One of DPM’s biggest problems when you try to scale the product is centralization. You might think that it’s not really necessary, but read on to see some of the pitfalls that come with a non centralized product. And yes, SCOM and the DPM 2012 management pack is an attempt, but a fair one at best.
So why is centralization so important? Well, for one, everyone else in the enterprise is doing it! So does that mean DPM should do it too? Unlike jumping off the cliff because others did it, centralization is very necessary when it comes to backups. So let’s start by exploring some basics…
Reporting is available on a per server basis where each must be individually managed, configured, and analyzed. There is no way to correlate real time or historical data with between servers. How would you know if a possible network wide outage caused backups to fail? Or if an application planned outage caused backups to fail that are spread across multiple DPM Servers? You could find yourself chasing a failure that was never the fault of DPM at all.

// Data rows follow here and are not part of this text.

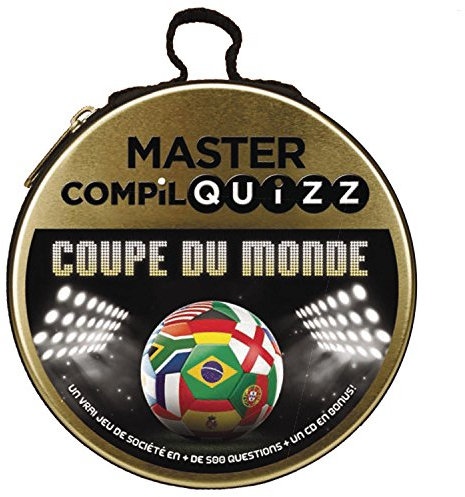 Compil Quizz Coupe du Monde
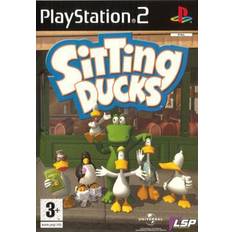 Sitting Ducks (PS2)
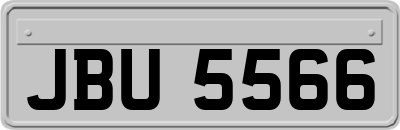 JBU5566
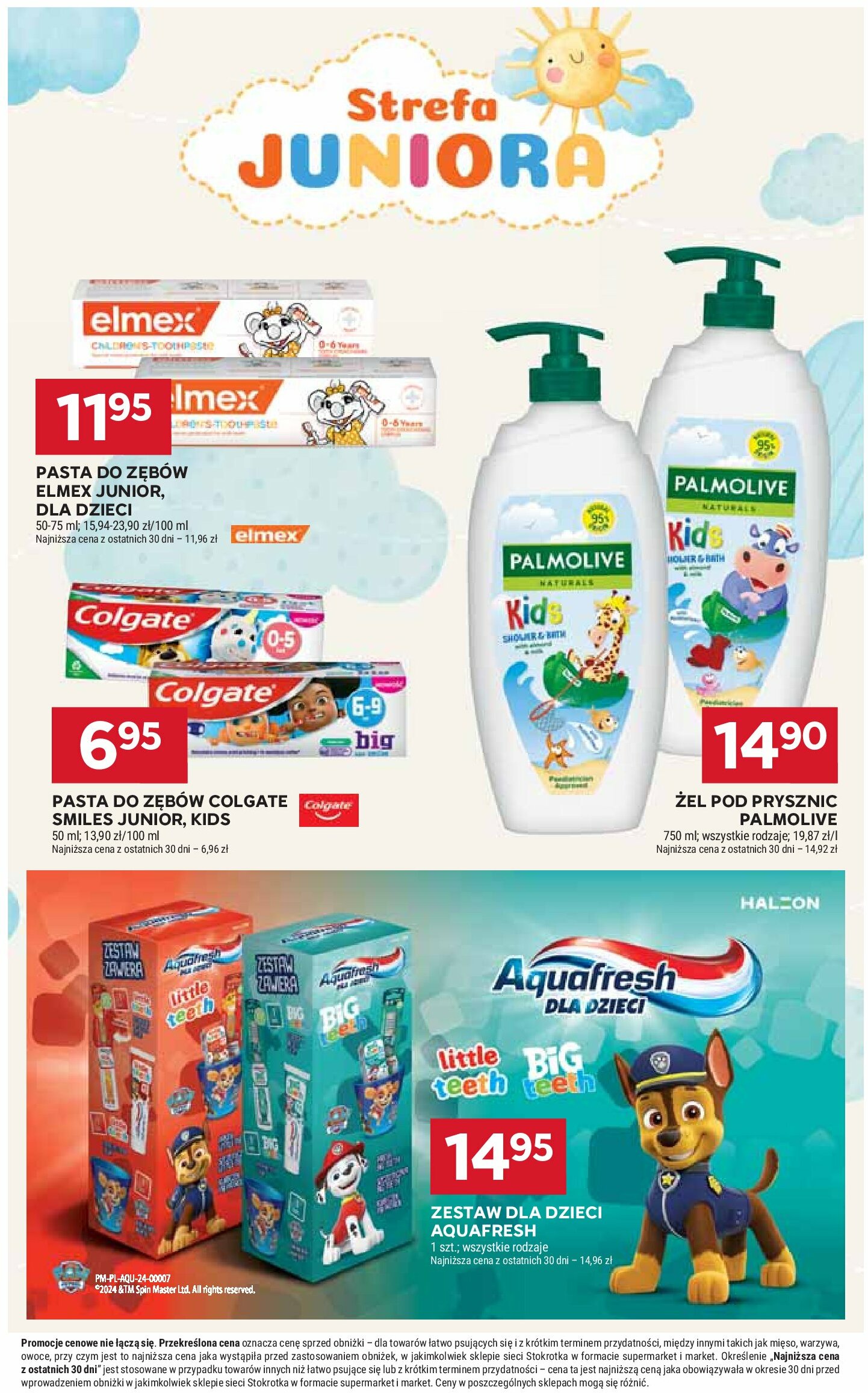 stokrotka - Gazetka Stokrotka - Supermarket - ważna od 21.08. do 27.08. - page: 45 stokrotka - Gazetka Stokrotka - Supermarket - ważna od 21.08. do 27.08. - page: 45
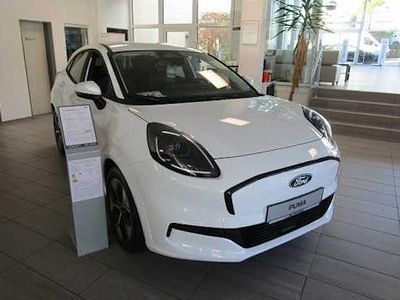 Nuova Ford Puma Gen-E 124 kW (169 CV) 2025 Bianco SUV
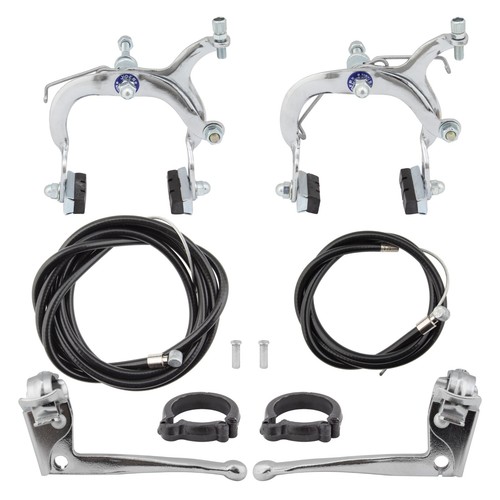 Bicycle brakeset side pull - bicycle,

Or maybe it was a fault of the DPM backend:
- Storage array going down? But you would never know that since you’re looking at one server at a time and might think it’s just one LUN that went down. An hour or two later you realize it’s a whole disk group, then the entire array.
- DPM’s SQL backend restarted/rebooted? You might think it’s just one server that’s jobs failed in progress or failed to start. Until you realize that everything died at the same time!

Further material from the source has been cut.